I am firm believer that life human or animal should be preserved whenever possible. I would also like to believe that had I lived in Nazi Germany I would have stood up for the persecuted. So how can I reconcile my strong moral convictions with my inaction regarding the mass murder of animals everyday. Ironically enough I feel guilty for letting the law and the disappointment of my family stand in the way of stopping the massacre. This guilt is causing me great pain. Please enlighten me on what I should do.

I suspect that at some level you do not really believe that the slaughter of animals is at quite the same level as the halocaust, though you seem to think you think that they are equivalent. There are pletny of evils in the world that we should be protesting but I 'm not sure that torturing yourself about not doing as much as you would like helps those causes.

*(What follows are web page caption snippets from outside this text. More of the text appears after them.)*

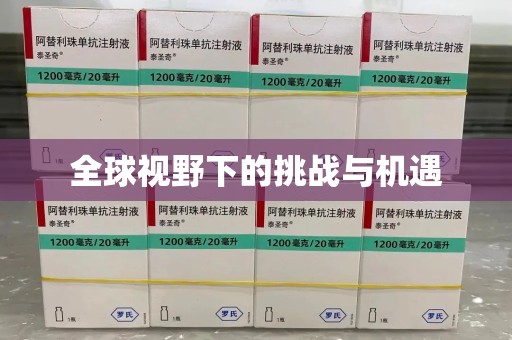 滁州全球视野下的挑战与机遇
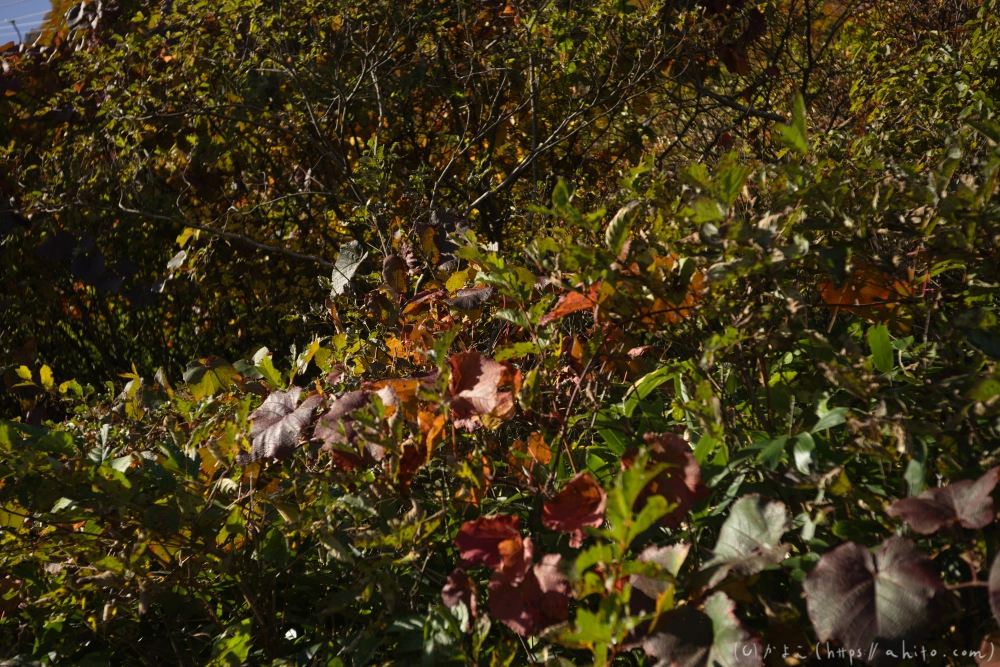 谷川岳とおにぎり山(2) - 02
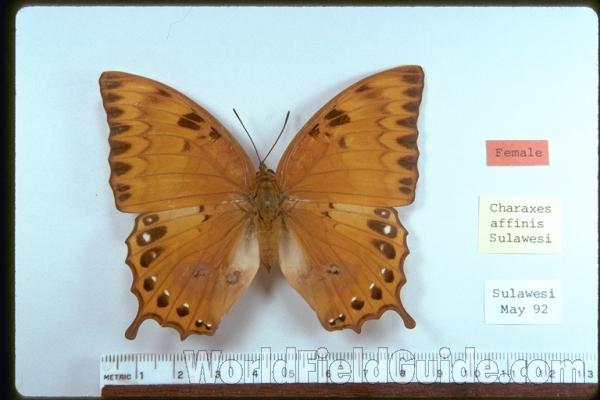 Female - Dorsal<br>(Origin of the Specimen: Sulawesi)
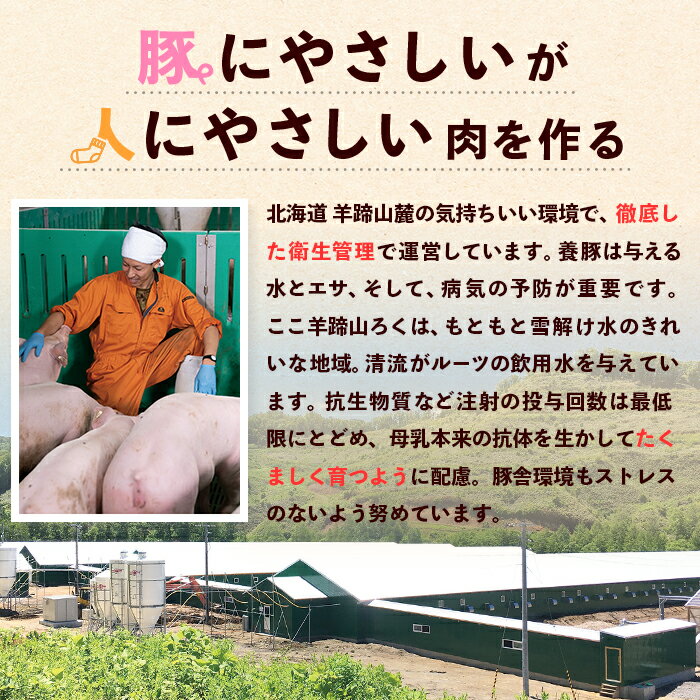 北海道留寿都村の画像3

In the past few days, the Tate gallery in London has been the target of protests because it receives funding from BP. My girlfriend and I have been discussing this, and where she finds that the use of tactics that cause damage to property are not permissible, whereas I deem them to be, if not merely permissible in fact close to a moral requirement. I often draw parallels between the tactics employed by the suffragettes, the civil rights movement in America and Nelson Mandela's ANC (as well as the ANC's military wing, Umkhonto we Sizwe) and today's 'anti-climate change' environmental activists. Her argument is that the arts are important, and funding them is surely a good thing. If this means accepting money from legal, if slightly unsavoury, bodies then that is a 'necessary evil'. It basically comes down to the question "what is a legitimate form of protest to get an important point across?"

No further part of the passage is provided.